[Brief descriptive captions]
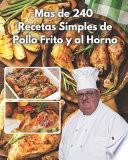 mas de 240 recetas simples de pollo frito y al horno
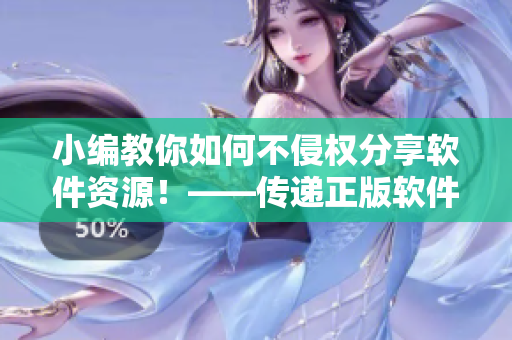 小编教你如何不侵权分享软件资源！——传递正版软件资源的正确姿势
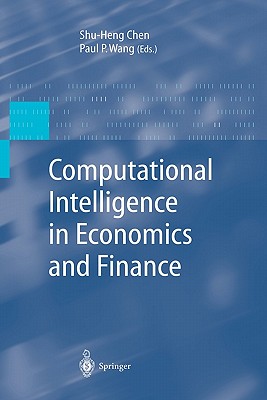 Computational Intelligence in Economics and Finance - Wang, Paul P. (Editor)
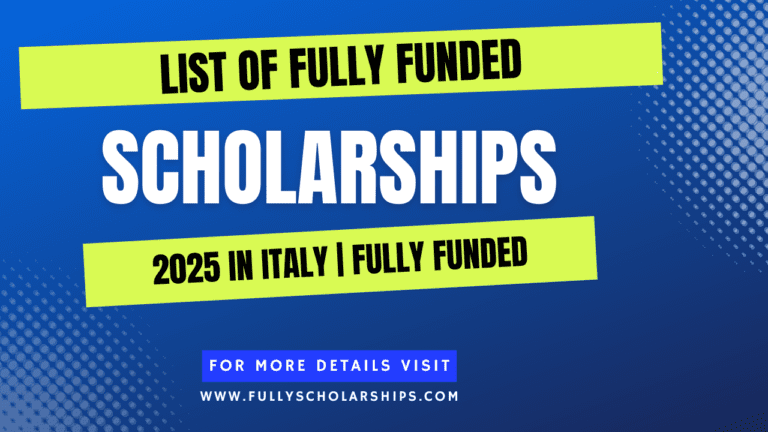 List of Fully Funded Scholarships in Italy 2025 | Study in Europe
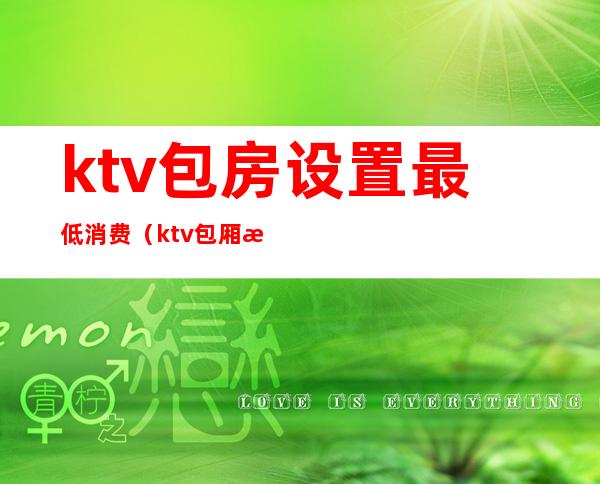 ktv包房设置最低消费（ktv包厢最低消费什么意思）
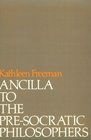 Ancilla to PreSocratic Philosophers  A Complete Translation of the Fragments in Diels Fragmente der Vorsokratiker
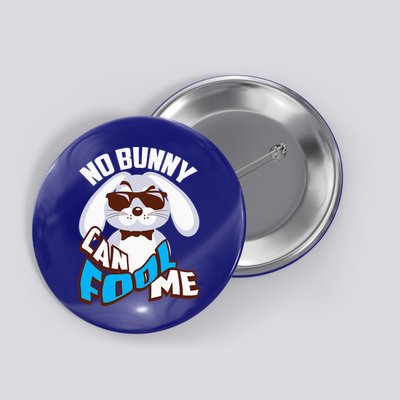 No Bunny Can Fool Me Happy Easter Cute Gift Button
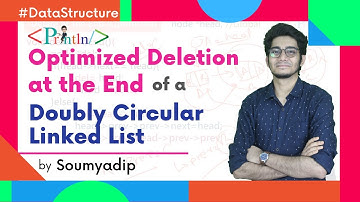 #5.4 Optimized Deletion at the End of a Doubly Circular Linkedlist | Coding |Data Structures|Println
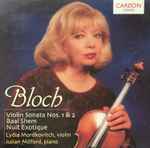 Cover for album: Bloch, Lydia Mordkovitch, Julian Milford – Violin Sonata Nos. 1 & 2 / Baal Shem / Nuit Exotique(CD, )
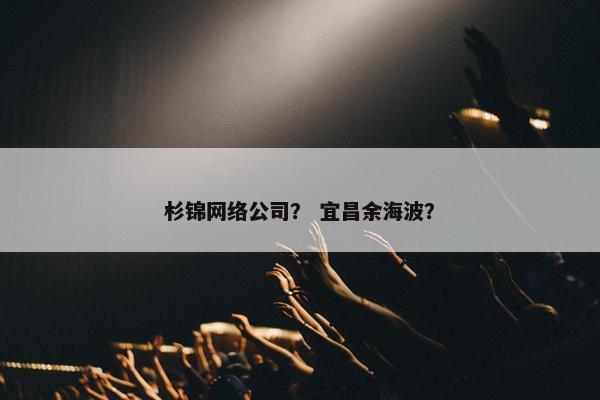 杉锦网络公司？ 宜昌余海波？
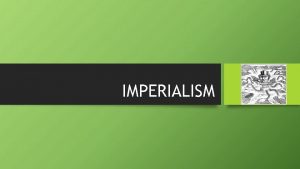 IMPERIALISM THE BRITISH EMPIRE IN INDIA British East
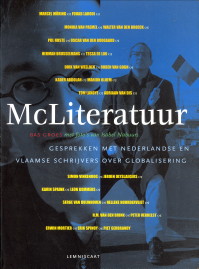 GROES, BAS - McLiteratuur. Gesprekken met Nederlandse en Vlaamse schrijvers over globalisering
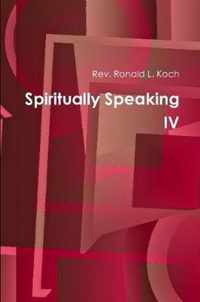 Spiritually Speaking IV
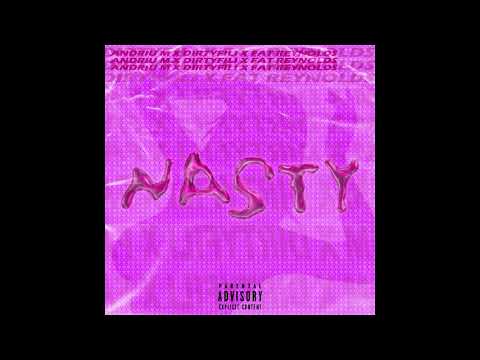 ANDRIU x DIRTYFILI x FAT REYNOLDS - NASTY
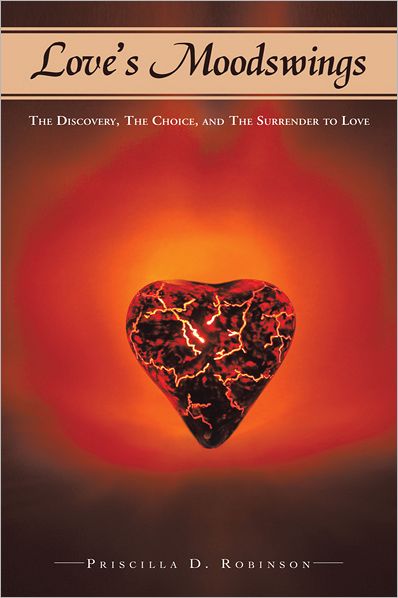 Love's Moodswings: The Discovery, The Choice, and The Surrender to Love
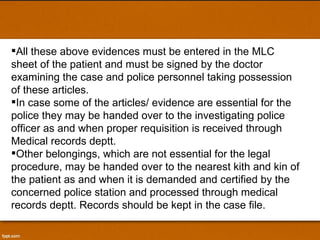 All these above evidences must be entered in the MLC sheet of the patient and must be signed by the doctor examining the case and police personnel taking possession of these articles. In case some of the articles/ evidence are essential for the police they may be handed over to the investigating police officer as and when proper requisition is received through Medical records deptt.  Other belongings, which are not essential for the legal procedure, may be handed over to the nearest kith and kin of the patient as and when it is demanded and certified by the concerned police station and processed through medical records deptt. Records should be kept in the case file. 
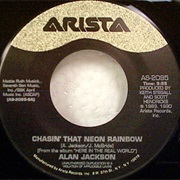 Chasin&#39; That Neon Rainbow - Alan Jackson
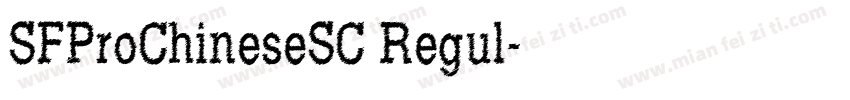SFProChineseSC Regul字体转换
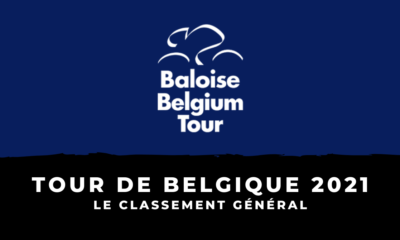 Tour de Belgique 2021 : le classement général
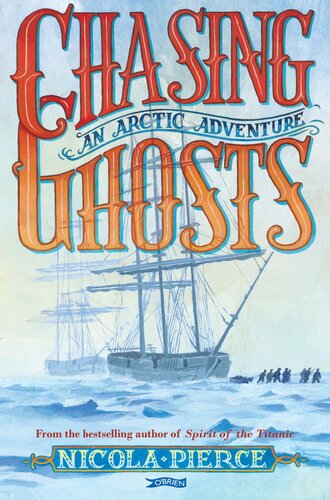 Chasing Ghosts Nicola Pierce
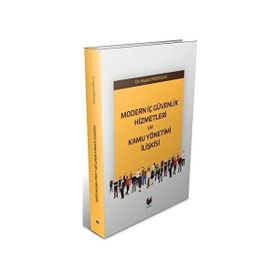 Modern İç Güvenlik Hizmetleri ve Kamu Yönetimi İlişkisi - Haydar Pekdoğan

* Your assignment:
Your answer is the exact run of lines above from the one with "List of Fully" through the one with "Love's Moodswings: The", both ends included, minus any picture.

* Answer to the problem:
 List of Fully Funded Scholarships in Italy 2025 | Study in Europe
 ktv包房设置最低消费（ktv包厢最低消费什么意思）
 Ancilla to PreSocratic Philosophers  A Complete Translation of the Fragments in Diels Fragmente der Vorsokratiker
 No Bunny Can Fool Me Happy Easter Cute Gift Button
 #5.4 Optimized Deletion at the End of a Doubly Circular Linkedlist | Coding |Data Structures|Println
 Cover for album: Bloch, Lydia Mordkovitch, Julian Milford – Violin Sonata Nos. 1 & 2 / Baal Shem / Nuit Exotique(CD, )
 杉锦网络公司？ 宜昌余海波？
 IMPERIALISM THE BRITISH EMPIRE IN INDIA British East
 GROES, BAS - McLiteratuur. Gesprekken met Nederlandse en Vlaamse schrijvers over globalisering
 Spiritually Speaking IV
 ANDRIU x DIRTYFILI x FAT REYNOLDS - NASTY
 Love's Moodswings: The Discovery, The Choice, and The Surrender to Love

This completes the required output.